The Trump administration is remaining quiet on when it will relocate the U.S. embassy in Israel to Jerusalem amid growing calls from Congress for the administration to enact the policy President Donald Trump repeatedly promised during the 2016 campaign, according to multiple U.S. officials familiar with the matter.
Officials from the White House National Security Council and State Department provided identical statements to the Free Beacon on Wednesday saying there is "no news to share" on when the administration will relocate the U.S. embassy in Tel Aviv to Jerusalem, Israel's capital city.
The standstill comes despite renewed congressional interest in the issue ahead of Dec. 1 deadline for Trump to either begin the process of moving the embassy or delay any action for another six months.
While Trump vowed multiple times on the campaign trail to move the U.S. embassy to Jerusalem—a key priority for the pro-Israel community—as one of his first acts in office, the president decided to formally delay the process as his administration pursues efforts to restart the Israel-Palestinian peace process.
Supporters of Israel in Congress appear to have become increasingly frustrated with the Trump administration's decision to delay the move. The House Oversight Committee's National Security Subcommittee held a hearing on the matter Wednesday in what insiders said is a bid to show the Trump administration that further delay will not be tolerated by many in Congress.
Trump administration officials told the Free Beacon the "President has always made it very clear that it is a matter of when, not if" he choses to move the embassy. However, there is "no news to share at this time" on where the process stands and whether the move will be delayed even further.
A panel of former U.S. and Israeli officials who testified before House lawmakers described this response as lacking and urged the Trump administration to follow through on its promise to relocate the embassy.
"‘Not now,' too often means, ‘not ever,'" former United Nations Ambassador John Bolton told lawmakers at the hearing. "We should reject that council and move the American embassy to Israel’s capital city."

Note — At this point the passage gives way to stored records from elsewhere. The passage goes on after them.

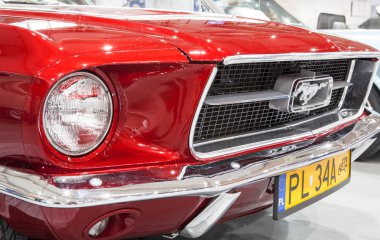 Eski Ford Mustang Poznan Uluslararası Fuarı'nda statik ekranda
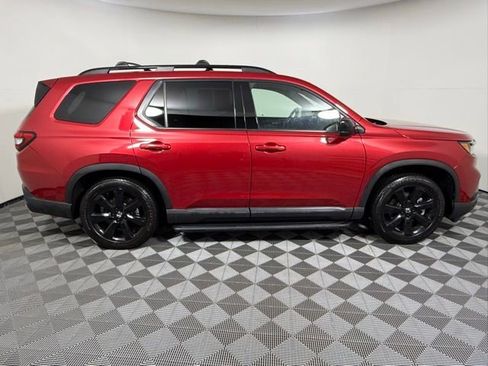 Used 2025 Honda Pilot Black Edition image 7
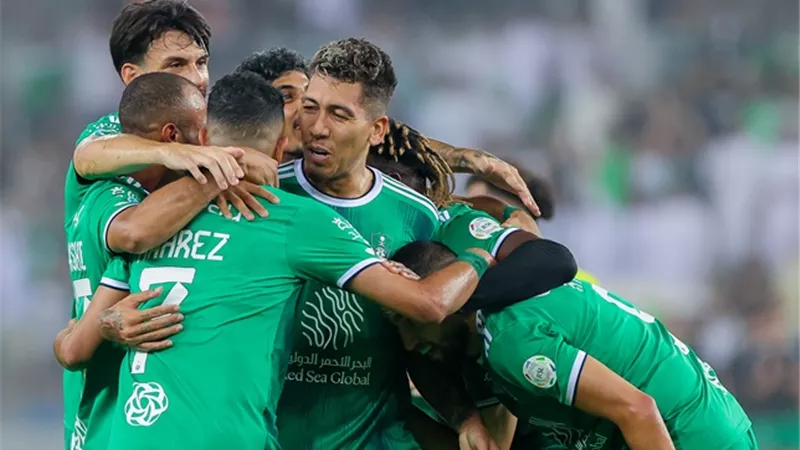 ماتياس يايسله يعلن تشكيل الأهلي لمواجهة الفتح في الدوري السعودي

Bolton dismissed arguments that the move would harm U.S. efforts to foster peace negotiations between Israel and the Palestinians, telling lawmakers the United States must assert its full support for Israel's sovereignty over Jerusalem, which the Palestinians also claim as the capital of their future state.
"Would not adversely effect negotiations over Jerusalem’s final status or the broader Middle East peace process," Bolton said. "Nor would it impair our diplomatic relations among predominately Arab or Muslims nations. In fact, by its honest recognition of reality, shifting the embassy would have an overall positive impact for U.S. diplomatic efforts."
Many of the arguments against moving the embassy are meant to undermine Israel's legitimacy and "deny to Israel the acknowledgement that it is a legitimate state with a legitimate capital."
Bolton, as well as the other witnesses, noted that the United States maintains embassies in several contested capital cities across the globe and has only singled out Israel for special treatment.
"If the peace process is such a delicate snowflake that moving our embassy would destroy it, you have to ask what its viability is to begin with," Bolton said.
Rep. Ron DeSantis (R., Fla.), chair of the House Oversight Committee's national security subcommittee and organizer of the hearing, said U.S.-Israel relations are being harmed by government's refusal to uphold a 1995 law mandating that the U.S. embassy in Israel be moved from Tel Aviv.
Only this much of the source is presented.